-------- Records for processing --------

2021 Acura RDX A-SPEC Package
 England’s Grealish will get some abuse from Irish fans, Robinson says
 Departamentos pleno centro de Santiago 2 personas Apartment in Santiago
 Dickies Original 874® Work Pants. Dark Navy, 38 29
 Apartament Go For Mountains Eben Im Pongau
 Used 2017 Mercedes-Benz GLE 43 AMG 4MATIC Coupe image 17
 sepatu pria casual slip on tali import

--------

*What to do*:
In the answer, include exactly the lines from the line containing "England’s Grealish will" through the end of the data, and nothing else.

*Response to this exercise*:
 England’s Grealish will get some abuse from Irish fans, Robinson says
 Departamentos pleno centro de Santiago 2 personas Apartment in Santiago
 Dickies Original 874® Work Pants. Dark Navy, 38 29
 Apartament Go For Mountains Eben Im Pongau
 Used 2017 Mercedes-Benz GLE 43 AMG 4MATIC Coupe image 17
 sepatu pria casual slip on tali import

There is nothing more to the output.